Религия мне не поможет. Другие верят в нечто невидимое, я же верю только в то, что можно потрогать, что можно увидеть. Мои боги обитают в рукотворных храмах, и только в пределах живого жизненного опыта мои верования находят свое наиболее совершенное и полное воплощение: может быть, даже слишком полное, потому что, подобно многим, кто поместил свое Небо здесь, на земле, я нашел здесь не только прелести Рая, но и все ужасы Ада. Вообще, когда я размышляю о религии, мне хочется основать орден для тех, кто не в силах уверовать; его можно было бы назвать Братством Лишенных Веры — там священник, в чьем сердце нет мира, совершает перед алтарем, на котором не горит ни одна свеча, причастие хлебом, на котором нет благодати, над чашей, где нет вина. Все на свете, чтобы стать истиной, должно сделаться религией. Агностицизм имеет право на собственные обряды не меньше, чем вера. Он посеял своих мучеников, он может пожать сонмы своих святых, ежедневно вознося хвалы Господу за то, что Он скрыл свой лик от человека. Но что бы то ни было — вера или безверие, это не должно прийти ко мне извне. Символы своей веры я должен сотворить сам. Духовно только то, что создает свою собственную форму. Если я не раскрою эту тайну в самом себе, мне никогда ее не разгадать. И если я еще не нашел ответа, мне не найти его никогда.

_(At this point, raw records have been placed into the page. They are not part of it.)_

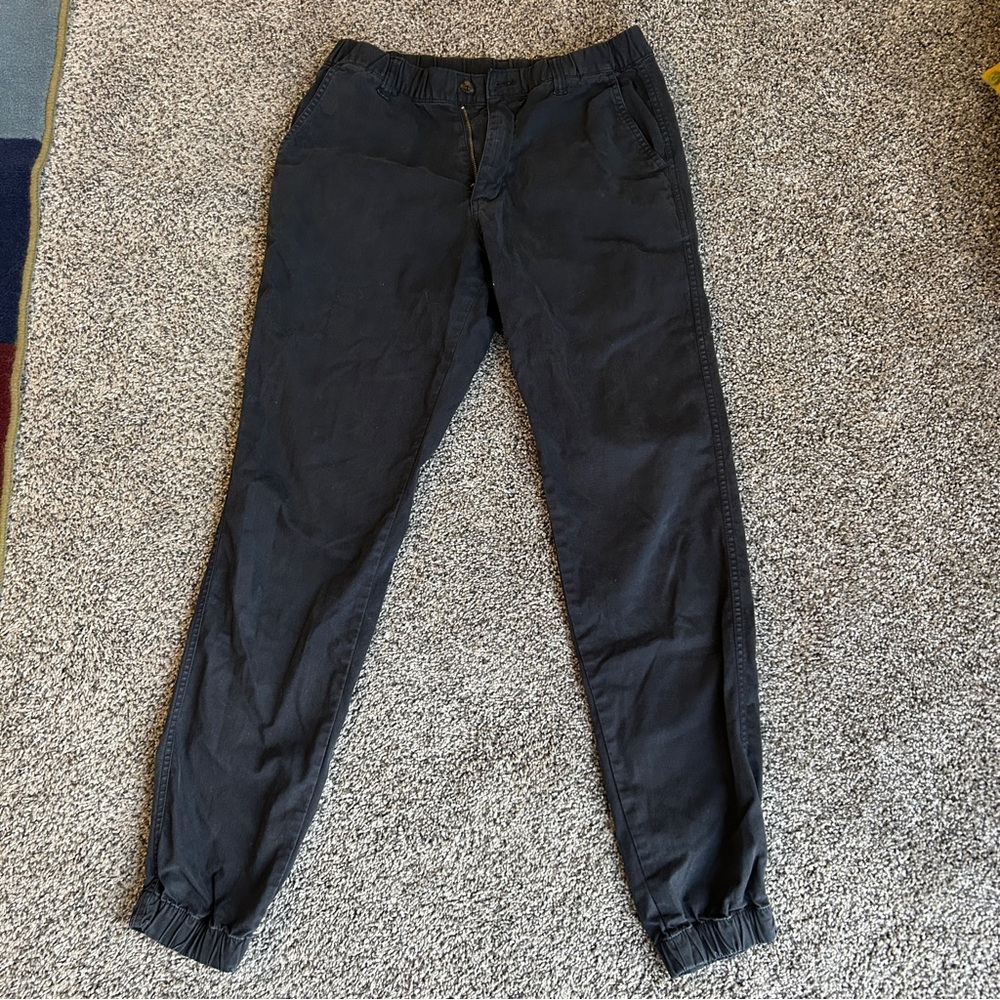 Bearbottom Black Stretch Joggers Mens M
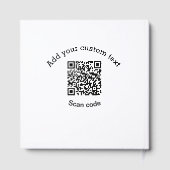 カスタムテキストを追加 QRコード ビジネス ゲストブック (裏面)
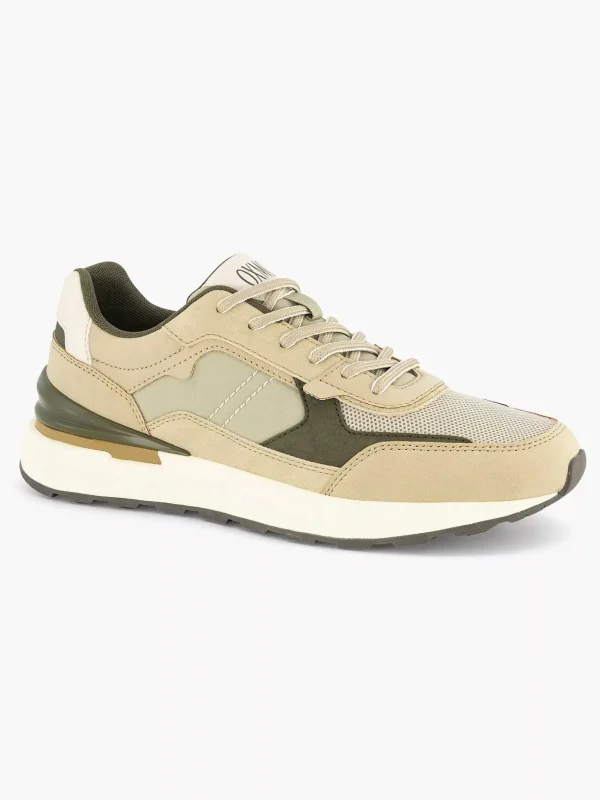 Heren Oxmox Beige Chunky Sneaker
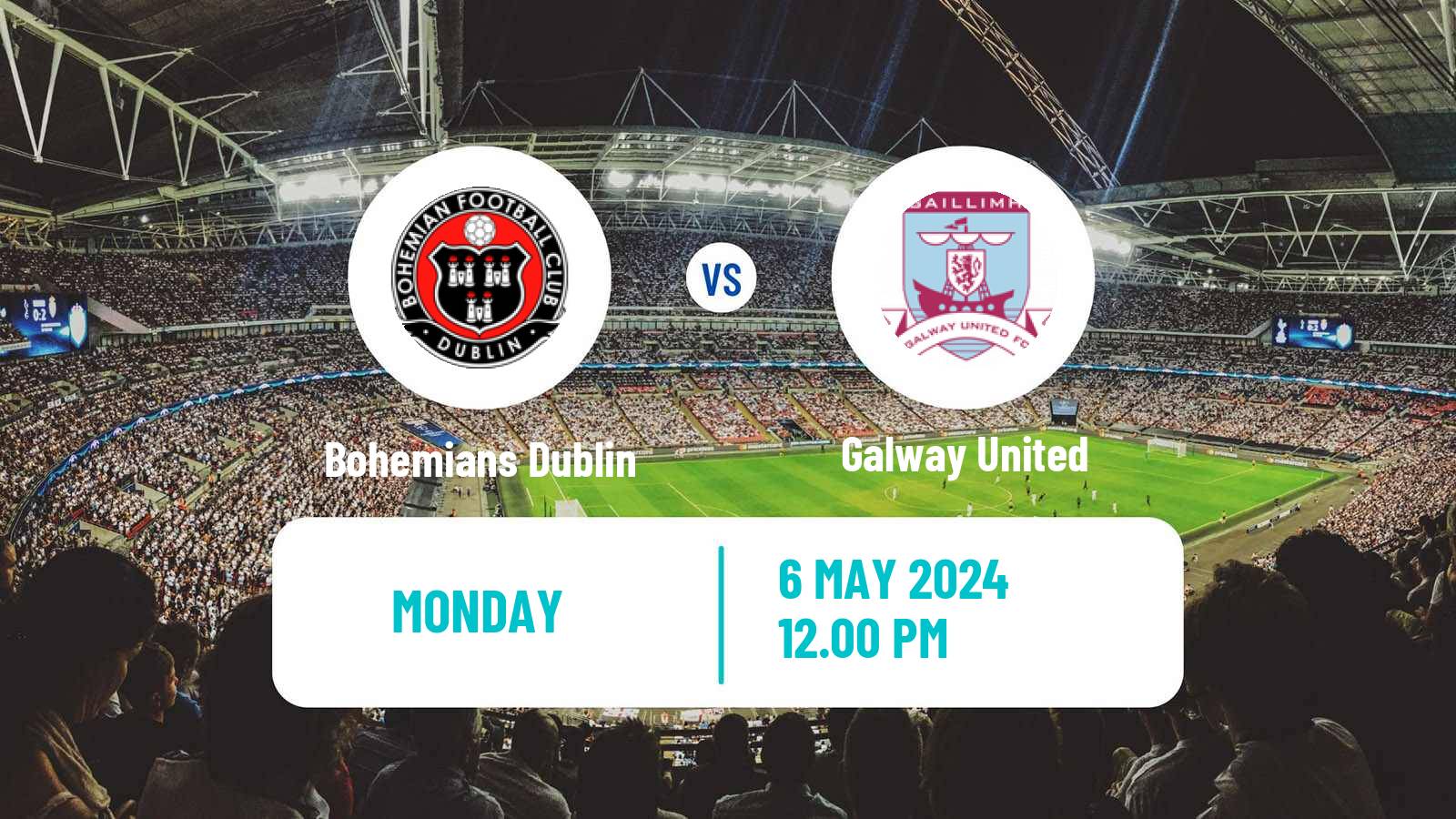 Soccer Irish Premier Division Bohemians Dublin - Galway United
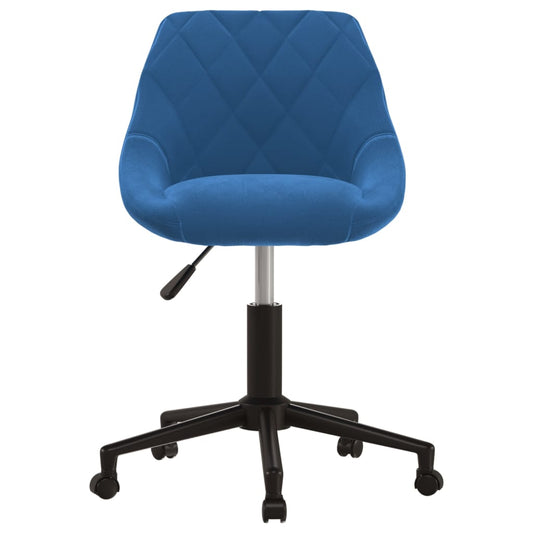 HKH Cadeira de Escritório Giratória em Veludo - Azul
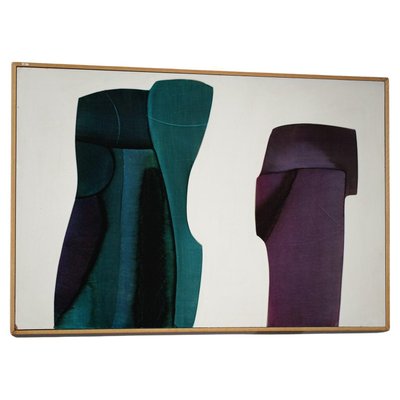 Guy Dessauges, Abstract Composition, 1970s, Oil on Panel, Framed-YU-1133298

Разум мне не поможет. Он говорит мне, что законы, по которым я осужден, — законы ложные и несправедливые, а система, карающая меня страданиями, — ложная и несправедливая система. Но мне необходимо как-то поверить в то, что и закон и наказание — разумны и справедливы. В Искусстве всегда сосредоточиваешься только на том, чем определенный предмет является для тебя лично в определенный момент времени — и точно так же это происходит в этической эволюции человеческого характера. Мне необходимо сделать так, чтобы все, что со мной произошло, обратилось для меня в добро. Дощатые нары, тошнотворное пойло, жесткие канаты, из которых щиплешь паклю, пока кончики пальцев не онемеют от боли, физическую работу, которой начинается и кончается каждый день, грубые окрики, которые здесь в обычае, чудовищный наряд, превращающий страдальца в шута, молчанье, одиночество, стыд — все это вместе и по отдельности мне нужно претворить в духовный опыт. Все телесные унижения — все до единого — я должен использовать для возвышения души.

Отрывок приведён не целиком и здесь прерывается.